A haunting piece of flash fiction set in the Australian bush.
The birds don’t come here anymore—not since the burned-out husk appeared in the woods. No one knows how it came to be here. The grass in the clearing is green, the surrounding trees unmarred. Yet the car’s innards are scattered about like this was a crime scene someone tried to obliterate.
Riding through the silent woods, you’d never suspect that ahead lies the burned-out husk of a car. I know this car. I see it on the roads every day, cruising through my sleepy suburb, usually painted a cheap off-white or navy blue.
The birds don’t chatter anymore. I used to speak to them. I tried to see what they see. I used to be able to hear the beat of their wings, because the rest of the woods are always silent.
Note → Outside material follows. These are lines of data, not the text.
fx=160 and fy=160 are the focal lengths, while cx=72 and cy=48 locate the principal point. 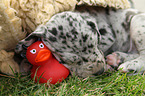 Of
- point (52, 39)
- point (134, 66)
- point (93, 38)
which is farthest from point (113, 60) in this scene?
point (52, 39)

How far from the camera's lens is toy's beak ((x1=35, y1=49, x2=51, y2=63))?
1.00 metres

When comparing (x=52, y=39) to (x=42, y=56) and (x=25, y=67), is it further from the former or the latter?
(x=25, y=67)

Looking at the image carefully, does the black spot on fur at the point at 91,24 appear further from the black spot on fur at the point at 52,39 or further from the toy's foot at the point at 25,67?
the toy's foot at the point at 25,67

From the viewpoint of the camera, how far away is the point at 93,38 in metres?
1.11

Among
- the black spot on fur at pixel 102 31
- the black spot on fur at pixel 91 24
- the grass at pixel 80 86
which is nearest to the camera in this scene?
the grass at pixel 80 86

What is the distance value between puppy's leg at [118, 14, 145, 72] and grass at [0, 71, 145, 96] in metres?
0.07

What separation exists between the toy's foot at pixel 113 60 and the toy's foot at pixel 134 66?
2.8 inches

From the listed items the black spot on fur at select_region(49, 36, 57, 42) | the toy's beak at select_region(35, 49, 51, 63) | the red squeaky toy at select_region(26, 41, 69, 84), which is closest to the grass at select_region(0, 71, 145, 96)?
the red squeaky toy at select_region(26, 41, 69, 84)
I stop pedalling and set my foot down on the dirt path. Every noise too loud. I wait for the silence to settle back in. If I wait a little longer, I know the birds will come back to me.
I wait, the burned-out husk beside me. The last rays of sunlight too weak to touch anything down here.
I wait, the bush too static around me. But there, I see it—a small dark bird bouncing along the path towards me, its tail fanning out to show off a quivering blue streak.
I could catch him—if I wanted to.
He hops in a zigzag pattern. I wonder if he knows I’m me, if he’s anticipating my next move. He stops. Cocks his head up towards me. I think he knows I’m here. But he couldn’t outrun me even if he tried; his foot is bleeding.
‘Oh, no,’ I whisper.
I swing my leg across the frame and lower my bike to the ground, soft as an autumn leaf. He’s twitching, trying to decide whether or not he should flee now. My sneakers crunch on the dirt; a lingering echo in the dormant woods. He stills.
I crouch down; my breath becomes static. We’re so close.
‘Come here.’ I beckon with my fingers. But he isn’t looking at me anymore.
His gaze slants up to the charred remains of the car beside us. He steps backwards, his eyes on me again. They should be glittering like pools of night sky, but the sunset won’t allow it.
I rise without moving my feet. My body turns towards the car, but my eyes won’t leave his.
‘What have you seen?’ I breathe.
I feel myself leaning forward, feel my arms extending, and before I even realise it, he tries to take flight.
I’m on my knees, scrambling forward and clapping my hands over his injured body. The fleeting warmth of life slips under my fingers, but when I unclasp my hands, the space inside is empty.
A tuft of feather finds a cradle in my palm. I throw it to the ground and stand.
Heat rivulets down my shins. My knees are red raw, dusty tangled ridges adorned with fragments of stone and plant matter.
From my right comes a weak chirp.
He’s here. He knows he misjudged me. He knows I’m here to save him.
I mount my bike and begin circling the burned-out husk. The glittering shrapnel in my knees wiggles further into my flesh as my legs bend and straighten with each pedal.
I glance in through the car’s blown-out passenger-side window. Pressed into the seats are a few flattened bottles and a few smashed ones.
Maybe that’s how the car exploded; maybe someone tied a burning cloth to the bottles and hurled them through the windshield; maybe the glass shattered and burrowed into the passengers’ skins; maybe their eyes were ripped apart, eyelids ribboned, eyeballs melted when the fire caught; maybe their hair curled and singed and shrivelled; maybe their bones burned; maybe that’s what the black stuff coating the skeletons of the seats is; maybe it’s ash; maybe it’s the remains of the people who knew their killer’s identity.
I hear him again, this time scampering in the underbrush. My arms tilt the handlebar towards the sound and the wheels of my bike follow.
The birds don’t come here anymore. They never linger—not like they used to.